Artemis II: The Mission We Were All A Part Of

Read time 3 minutes
Posted on May 6th 2026
Nina, Science Learning Coordinator, Glasgow Science Centre

 

In May 2023, I wrote a blog about Artemis II, then planned for a launch date of no earlier than November 2024. I wrote about how excited I was to see humanity’s return to the Moon, and that a more diverse crew was going to allow us to better see ourselves in the astronauts as they travel further from Earth than humans have ever gone before.

Now, having watched the launch of Artemis II while nervously clutching the hand of a friend, followed every mission milestone regardless of how late at night they happened, and watched their splashdown with my heart in my mouth, do I still feel that same excitement and hope that I did almost three years ago? I do, and then some.

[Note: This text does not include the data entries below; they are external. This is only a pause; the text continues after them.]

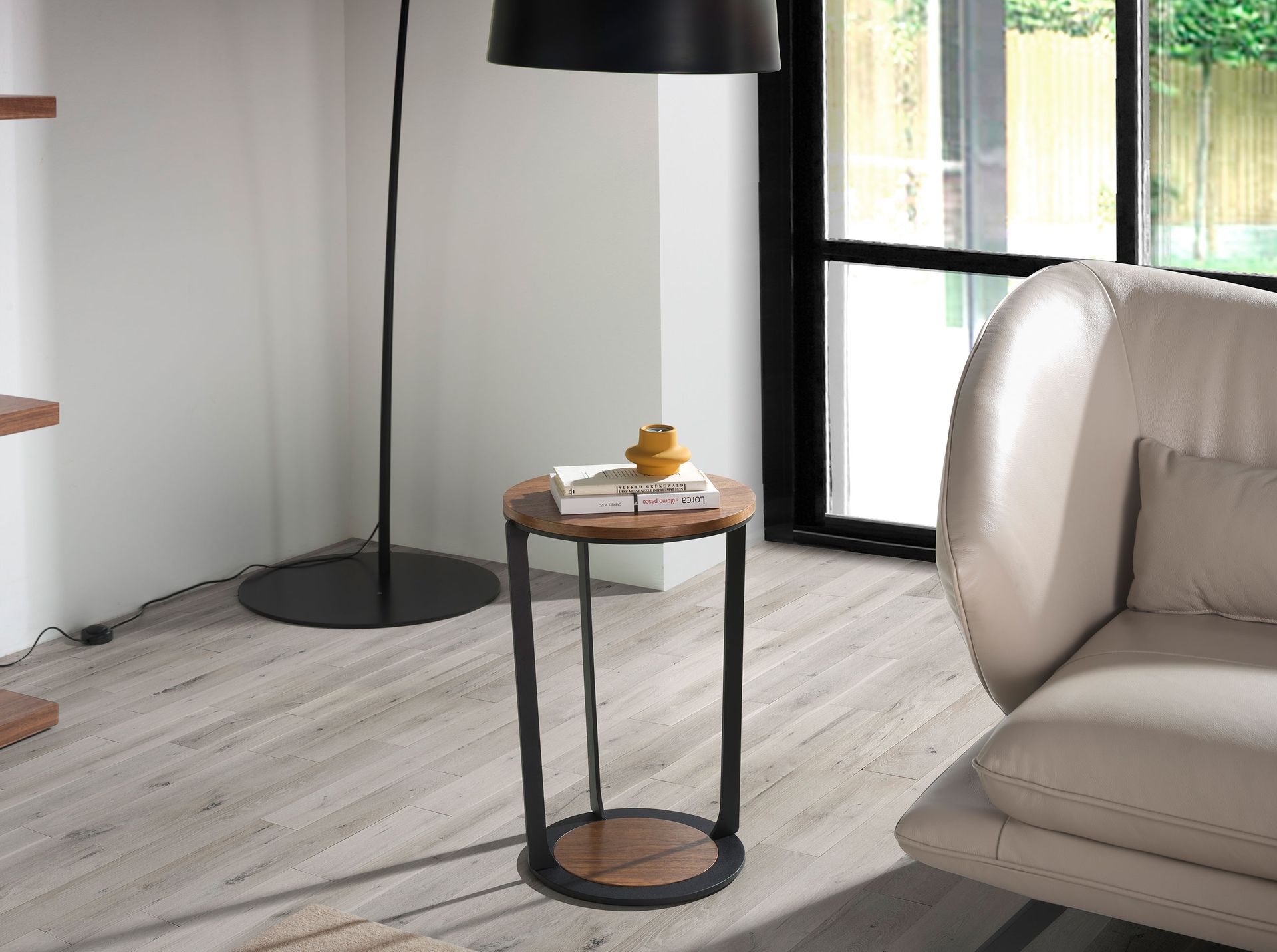 Corner side table Brown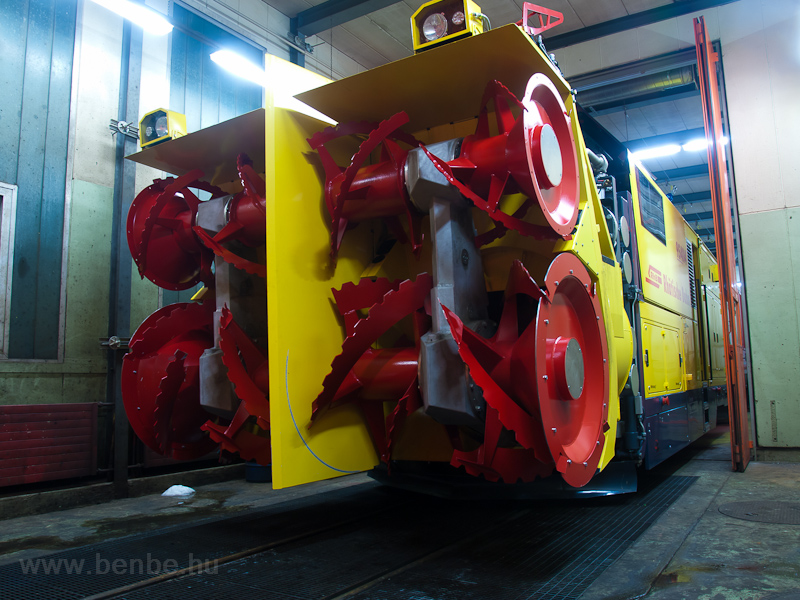 The new Bernina rotary snow-plough at Poschiavo photo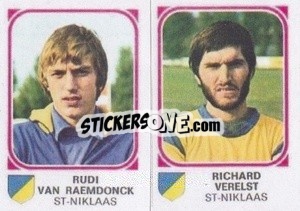 Sticker Rudi Van Raemdonck / Richard Verelst - Football Belgium 1976-1977 n. 423 - Panini
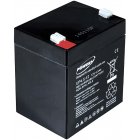 Powery Blei-Gel-Batteri till APC RBC46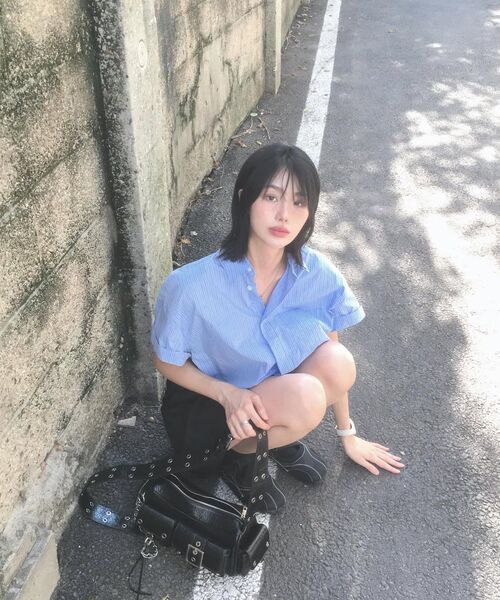 BLACKPURPLE(ブラックパープル)の「ミニフォートレスバッグ Mini Fortress Bag-Black(ショルダーバッグ・レディース・ブラック・FREE)」の12枚目の写真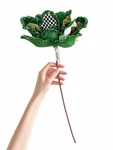 Mackenzie Childs Emerald Luxe Magnolia Stem Flower New 23" Long. Fixed Price $45.00.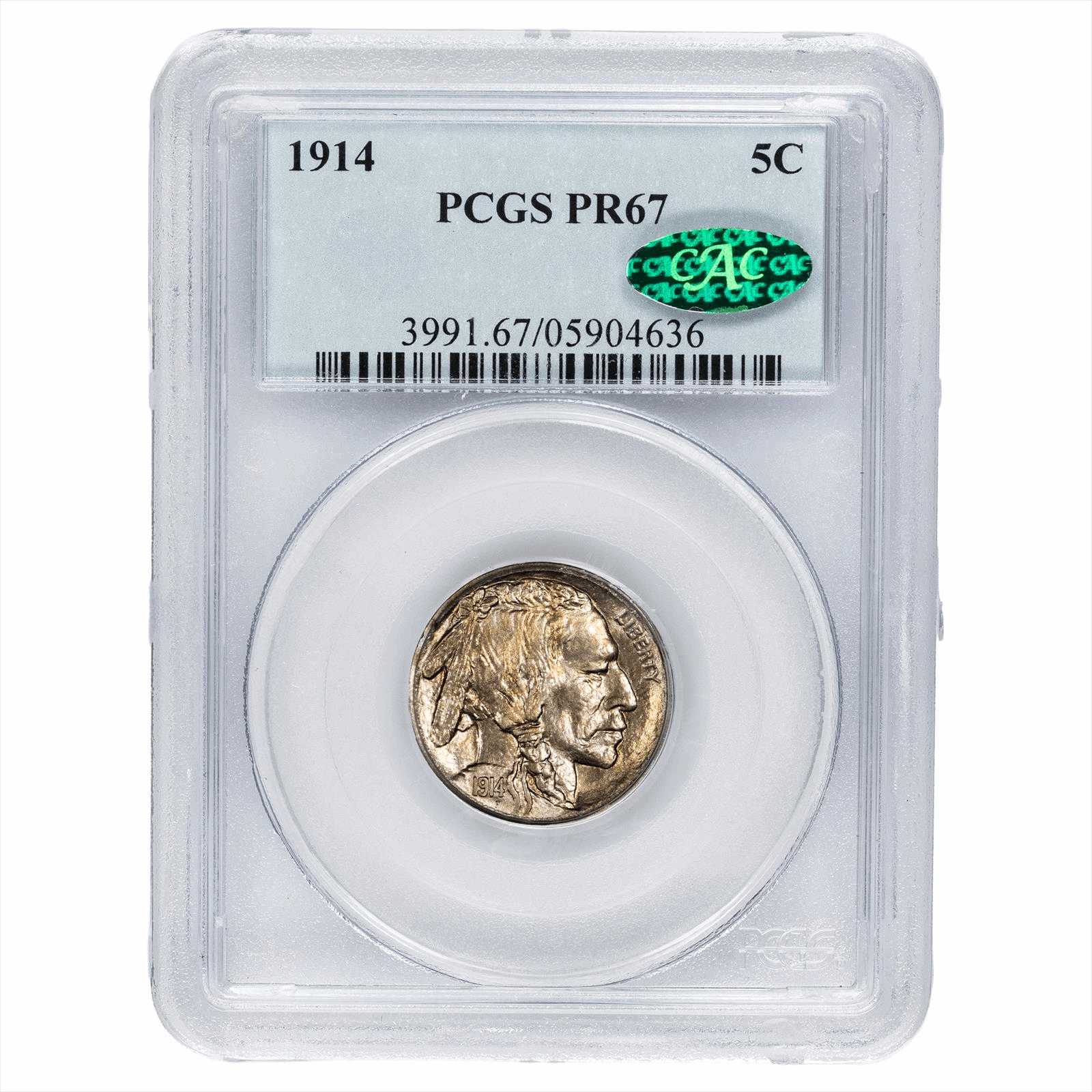 1914 Buffalo Nickel 5C PCGS PR 67 CAC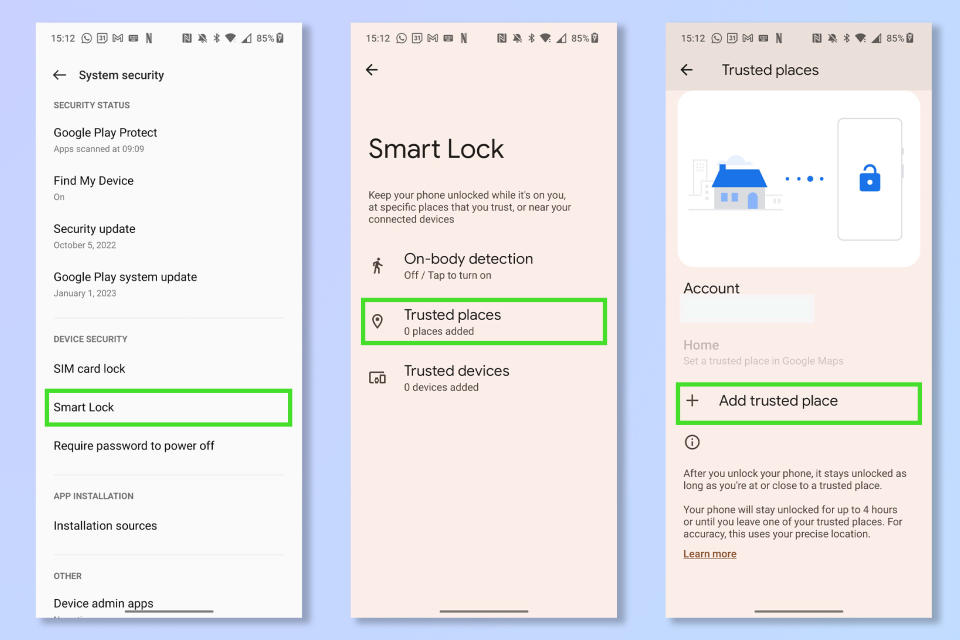 How to use Smart Lock on Android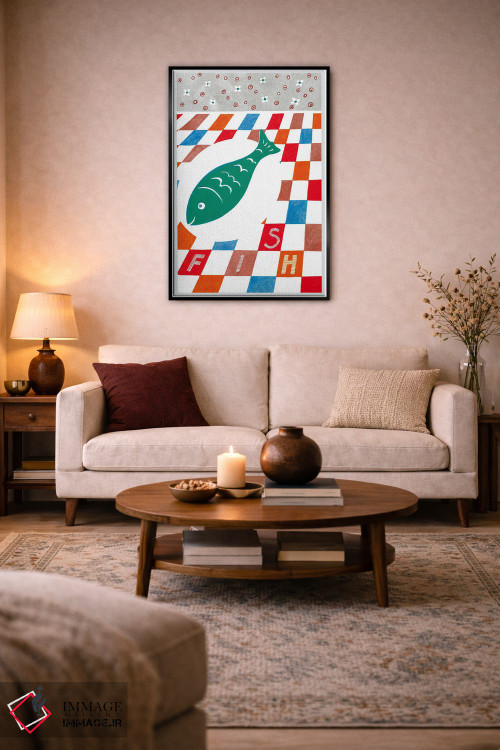 تابلو دکوراتیو جشن ماهی ها اثر ایرنه گولاندریس - D5B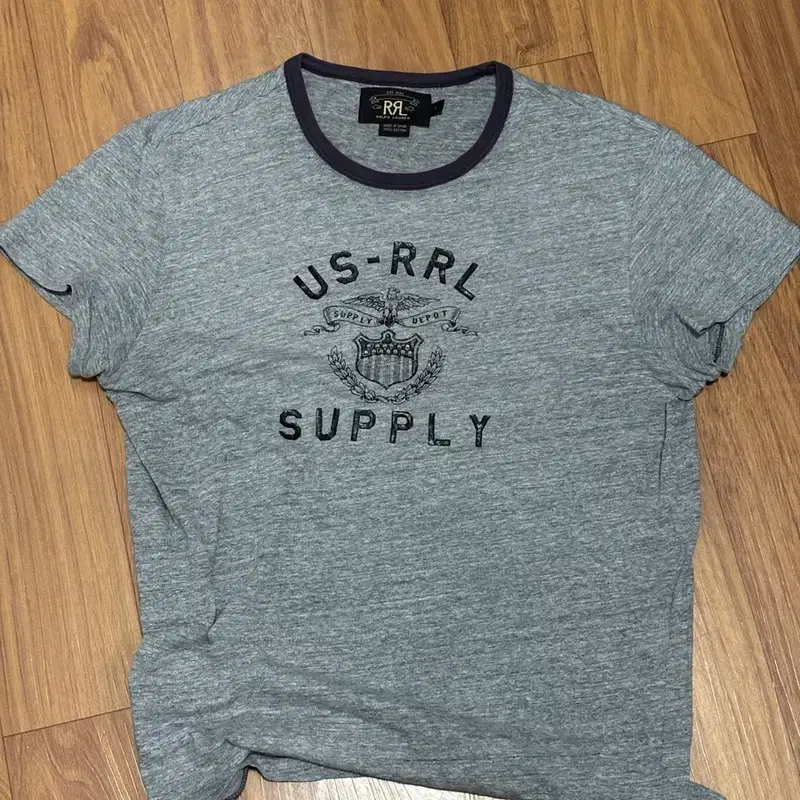 RRL US-RRL SUPPLY 티셔츠 그레이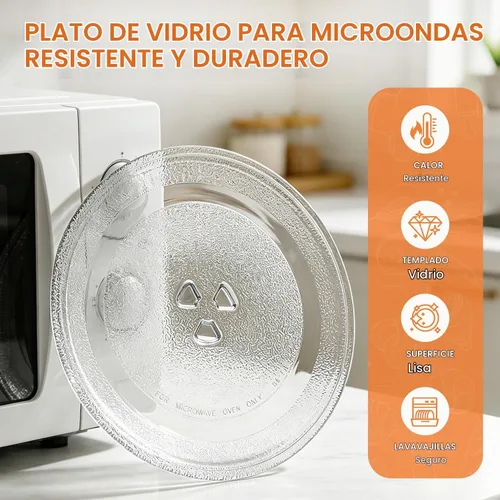Vista 4 de Placa de microondas de 9.6 pulgadas para microondas pequeños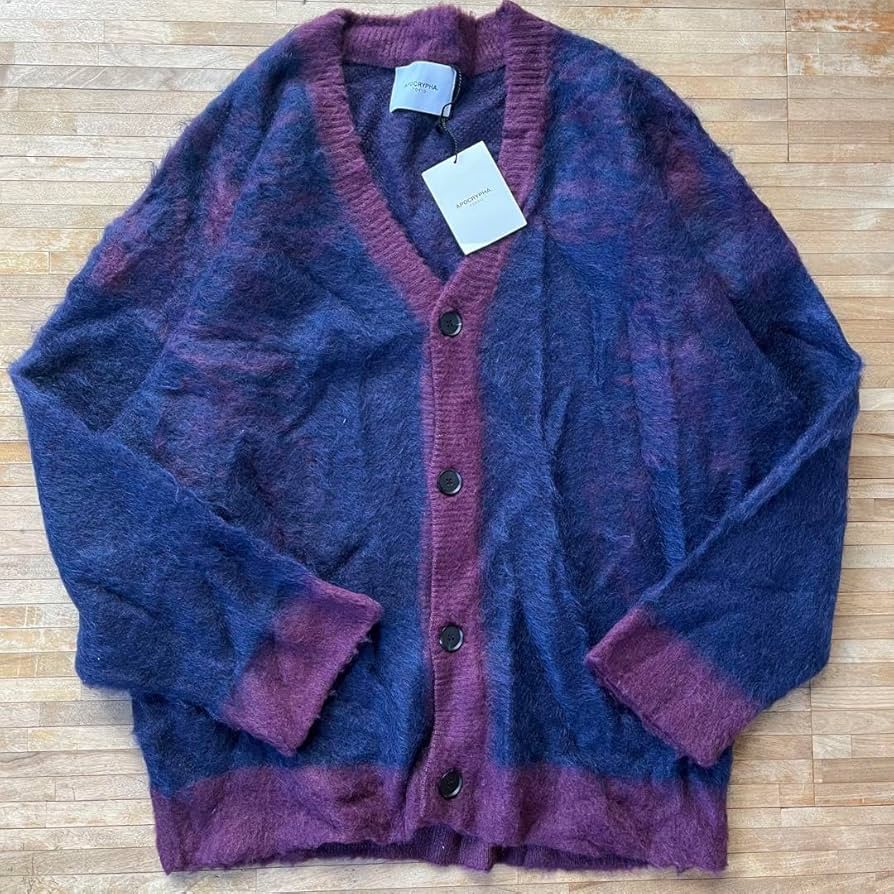 【新品】APOCRYPHAアポクリファ　カーディガン　モヘア　M パープル Amazon.co.jp: APOCRYPHAアポクリファ カーディガン モヘア M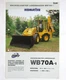 Brochure Komatsu WB70A-1 Articulated Loader Excavator April 2000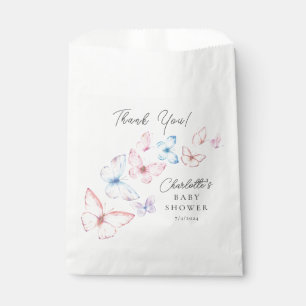 Whimsical Butterflies Babydusche Geschenktütchen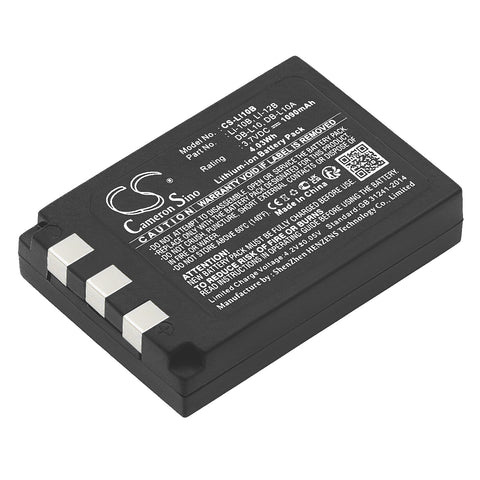 Cameron Sino CS-LI10B — whole battery angle with label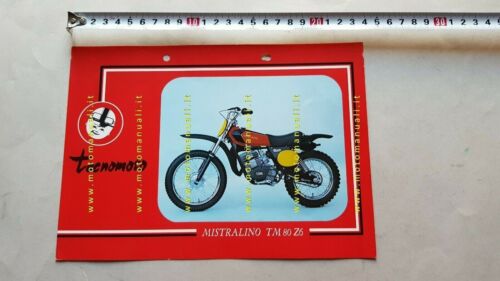 Tecnomoto Mistralino TM 80 Z6 cross 1974 depliant originale brochure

But I’m getting ahead of myself, so let’s rewind a little. Artemis II was the second planned launch of NASA’s Artemis programme. The programme aims, with the support of international partners, to return humans to the Moon for the first time since 1972, when Apollo 17 left the craters of Taurus Littrow behind. Artemis I, an uncrewed test flight, launched in November 2022, and showed that the SLS launch vehicle and Orion crew vehicle were up to the challenge of orbiting the Moon and safely returning to Earth.

Artemis II, which launched on Thursday 2 April, did all of that too, but this time there were four astronauts aboard the Orion vehicle, which was christened Integrity. Commander Reid Wiseman, Pilot Victor Glover, Mission Specialist Christina Koch of NASA and Mission Specialist Jeremy Hansen of the Canadian Space Agency were chosen in April 2023 to be the first humans to travel beyond low-Earth orbit for the first time in over half a century. Very quickly after their launch, they became a highlight in a lot of our days.  

They were incredibly relatable as they were stymied by Outlook, tackled a broken toilet, or had a secret stash of Nutella hidden away. They were also deeply, wonderfully, human throughout all of this. Their tears as they remembered their crewmate’s wife with a “bright spot” on the Moon, sending love to Earth as they passed out of communication range, and Reid Wiseman refusing to leave their zero-g indicator Rise behind after splashdown exemplified this.

As humans, they carried the weight of history with them on their 10-day journey. Integrity’s pilot, Victor Glover, is African American, and is now the first person of colour to have travelled to the Moon. Mission Specialist Christina Koch is the first woman to have done the same. Why is this important? Well, the last time humans were that far from home, the world was a different place.  

When Apollo 7, the first crewed Apollo mission, launched in 1968, it had only become illegal in the US to refuse to rent or sell a home to someone based on their race that year. It took until 1975, three years after Apollo 17 came home, for women in the UK to be able to open a credit card without being asked for the signature of their fathers or husbands. These statements feel shocking to us now, and they should, and they make me wonder just how much talent was excluded from the early days of the space programme based on race or gender.

Having a broad range of backgrounds, knowledge, and experience on board Integrity is what made the 10-day mission work. Having a broad range of backgrounds, knowledge, and experience across every aspect of the Artemis programme, from the social media team to mission control, is what will make the entire programme a success.

And what does success look like for Artemis? There are plenty of scientific reasons to understand our closest celestial neighbour better, which is part of the drive to go back to the Moon, but I would argue that the 10 days of “moon joy” that we collectively experienced along with the astronauts were also a marker of success. We sang along with them to Pink Pony Club and shared in their frustration when it was cut before the chorus. Inspired by the words of the astronauts, and the photos and videos and very human emotions they shared, people embroidered and painted or wrote songs and poetry. People paused in their days to catch up with views of our home planet from a distance or share the “amaze, amaze, amaze” of it all, and I cannot wait to do it all over again with the crews of Artemis III and IV.